── The data ──
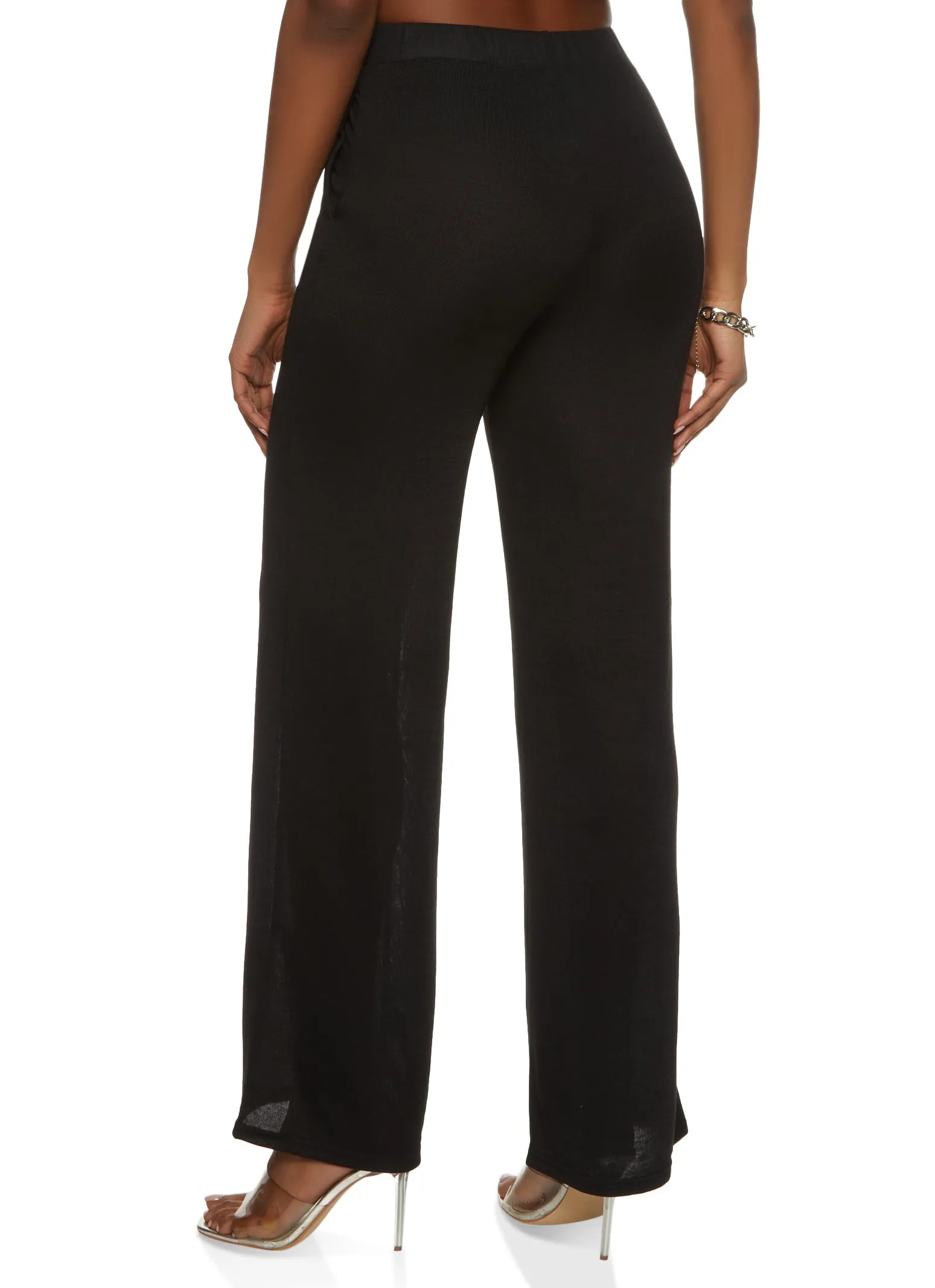 Daisy Solid Brushed Knit High Waisted Wide Leg Pants sold by Rainbow product image thumbnail 2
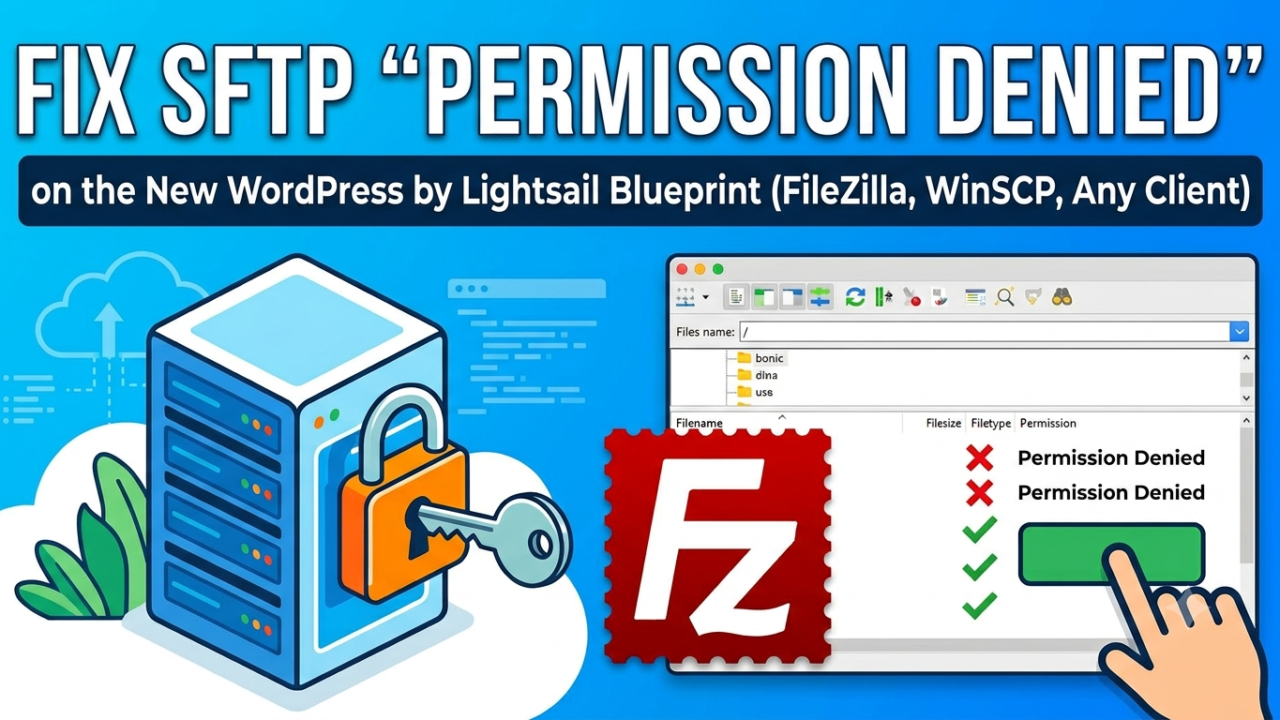Fix SFTP Permission Denied on the New WordPress by Lightsail Blueprint (FileZilla, WinSCP, Any Client)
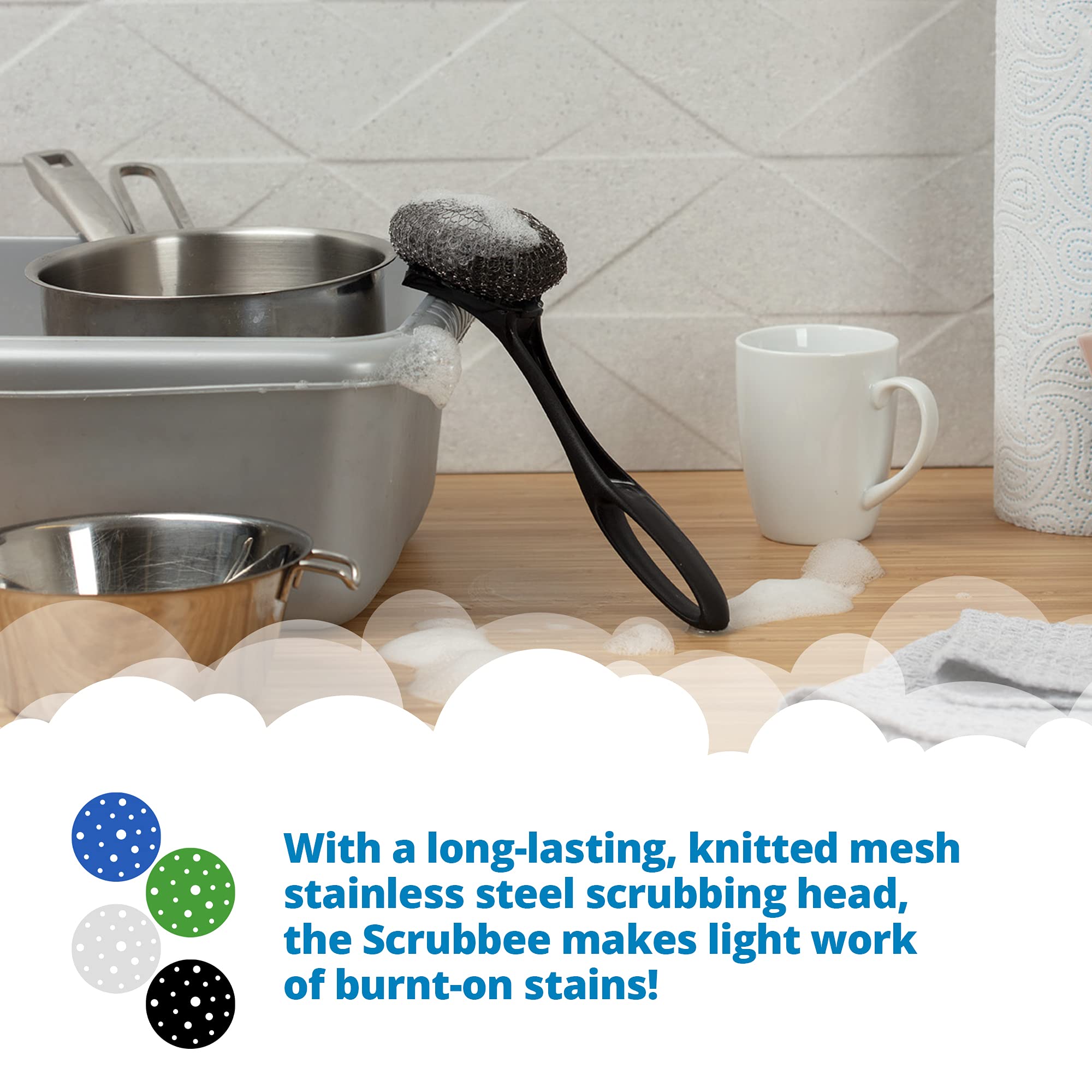 Stainless Steel Scrubber for BBQ Grill & Oven Cleaning - Heavy Duty Kitchen Scourer with Ergonomic Handle for Pots, Pans & Baking Trays - Perfect for Outdoor Cooking, Camping & Home Kitchen Use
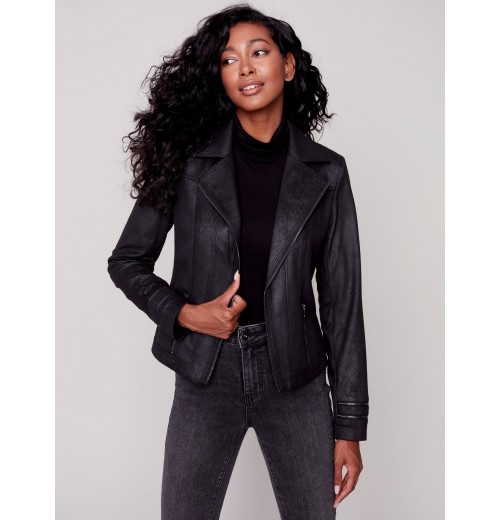 Vintage Faux Suede Perfecto Jacket - Black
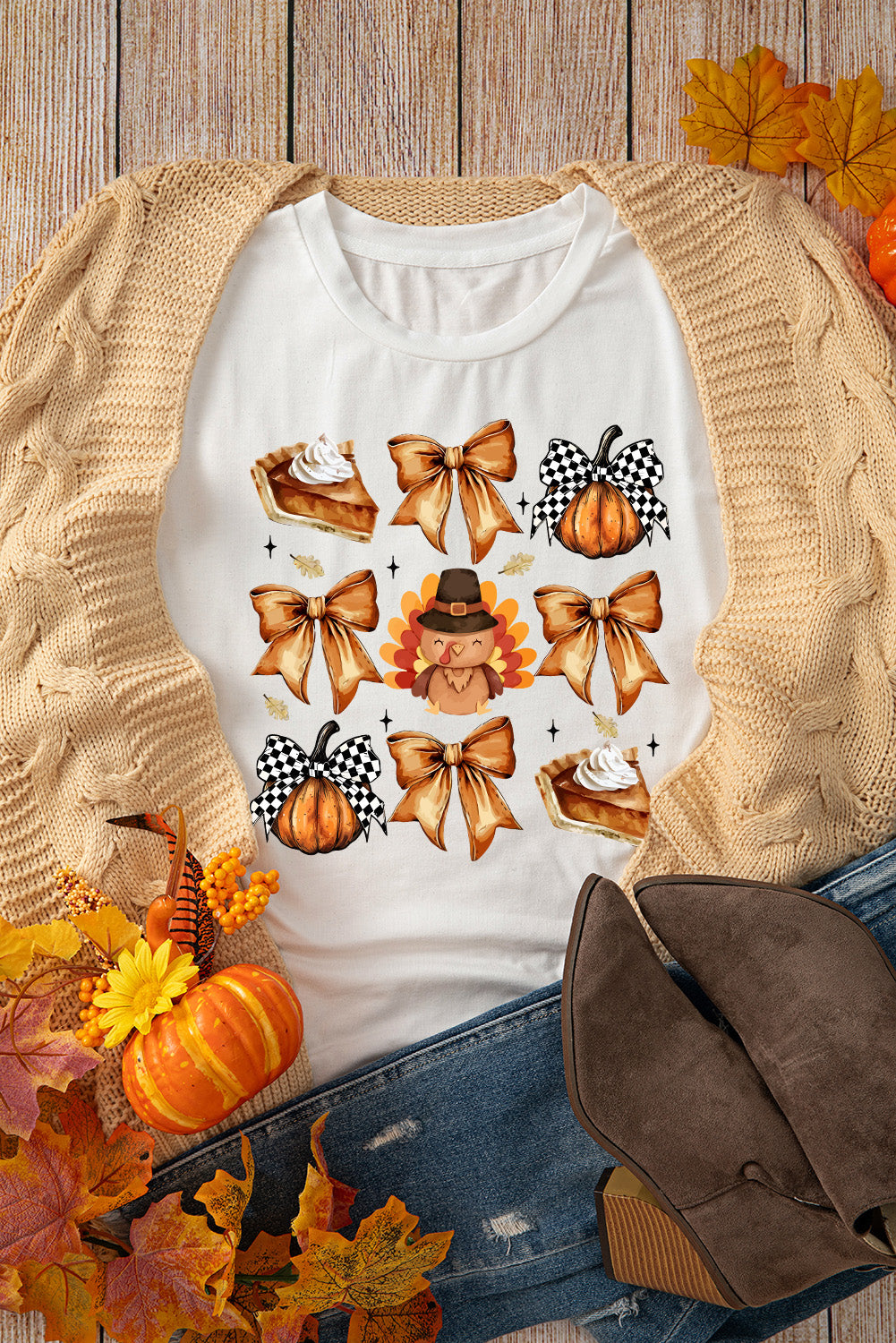 White Cute Bowknot Tanksgiving Graphic Crewneck T-Shirt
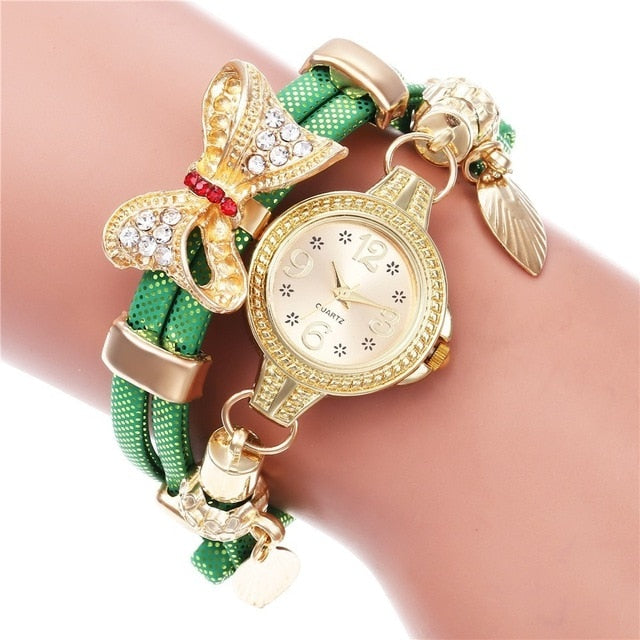 Hot selling retro bracelet watch women high quality exquisite bow-knot leave pendant quartz relogio feminino reloj mujer watches
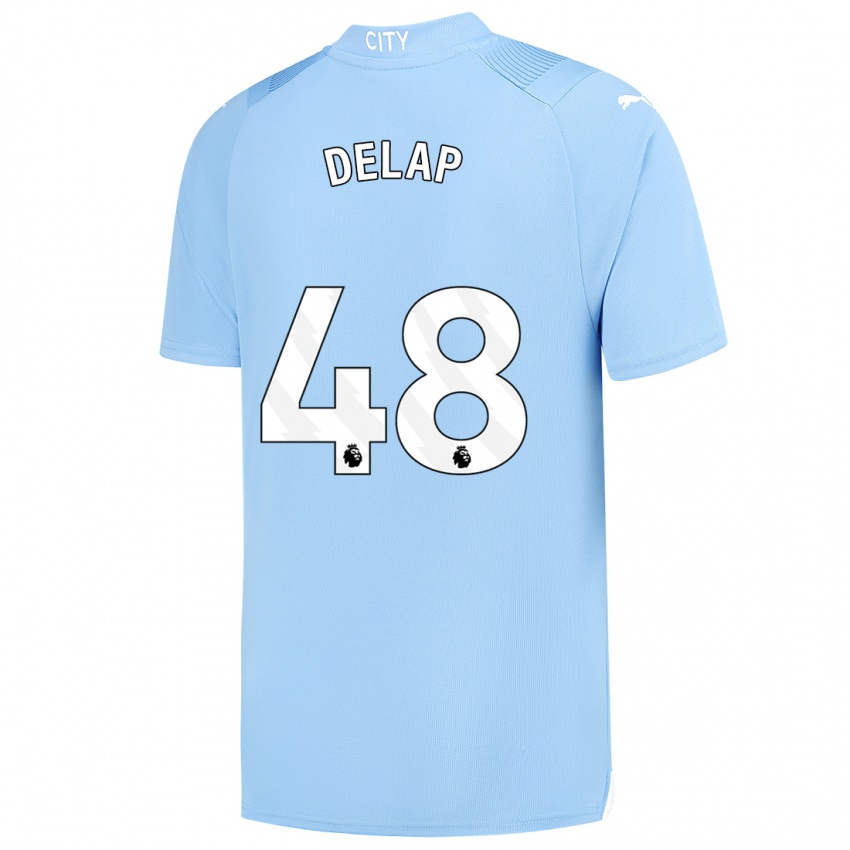 Homem Camisola Liam Delap #48 Azul Claro Principal 2023/24 Camisa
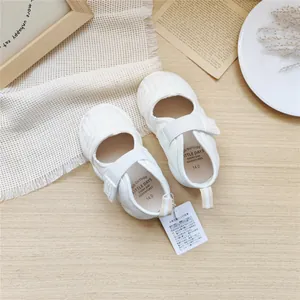 White breathable kids sports sandals with velcro strap and comfortable soft soles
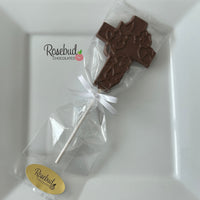 12 CROSS Large Floral Chocolate Lollipop Religious Candy Party Favors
───
Task details. Pictures stay out; reproduce exactly the lines from the one containing "Vintage Faux Suede Perfecto Jacket - Black" through the end of the data.

Response below.
 Vintage Faux Suede Perfecto Jacket - Black
 White Cute Bowknot Tanksgiving Graphic Crewneck T-Shirt
 Hot selling retro bracelet watch women high quality exquisite bow-knot leave pendant quartz relogio feminino reloj mujer watches
 Homem Camisola Liam Delap #48 Azul Claro Principal 2023/24 Camisa
 White breathable kids sports sandals with velcro strap and comfortable soft soles
 12 CROSS Large Floral Chocolate Lollipop Religious Candy Party Favors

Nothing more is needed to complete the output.